1 big thing: Huawei threatens America's closest relationship

Photo illustration of President Donald Trump and Prime Minister Boris Johnson under Huawei's logo.

Illustration: Aïda Amer/Axios. Photos: Leon Neal/Getty Staff, Fabrice Coffrini/Getty Contributor

British Prime Minister Boris Johnson is inching toward a decision that could profoundly harm the "special relationship" between Britain and the United States under President Trump.

Driving the news: Johnson is expected to decide, as soon as this week, whether to defy Trump's request that he ban Chinese technology giant Huawei from the U.K.'s 5G wireless network.

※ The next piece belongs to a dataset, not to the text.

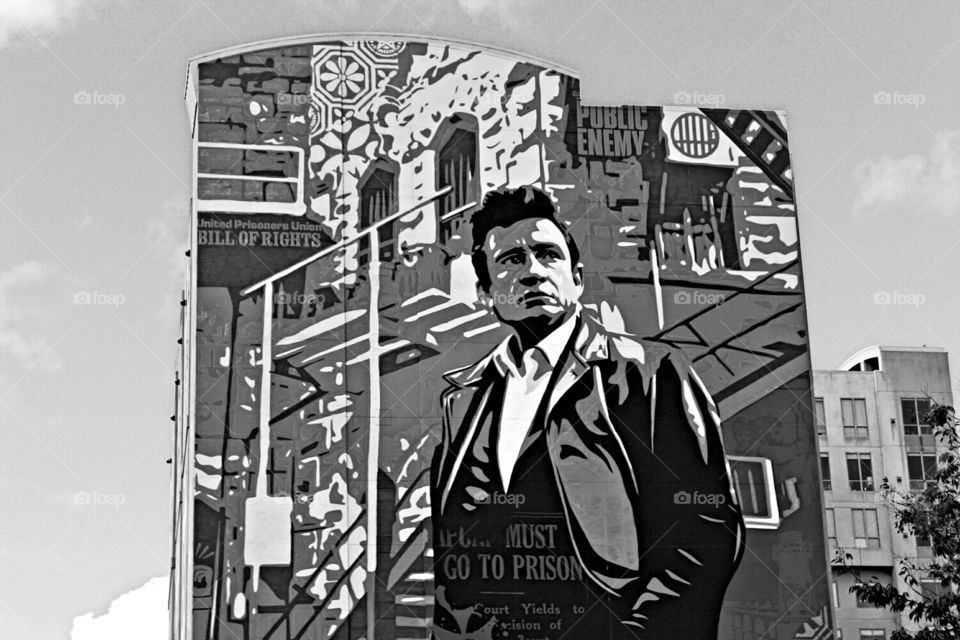 black and white graffiti art architecture of a legendary singer. architecture, black and white, singer performer.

  • Johnson's decision comes after repeated private and public warnings from Trump and senior administration officials, including Treasury Secretary Steven Mnuchin, Secretary of State Mike Pompeo and national security adviser Robert O'Brien, U.S. officials tell Axios.

Behind the scenes: "This is a highly consequential decision that the British prime minister's going to be making," a senior Trump administration official told me in a phone interview on Saturday.

  • "Not only in terms of their relationship with the United States, but first and foremost for their own citizens," added the official, who spoke on condition of anonymity because of the sensitive diplomacy still happening across the Atlantic.
  • "People are going to be a bit shaken by the U.K.'s judgment if they make this decision."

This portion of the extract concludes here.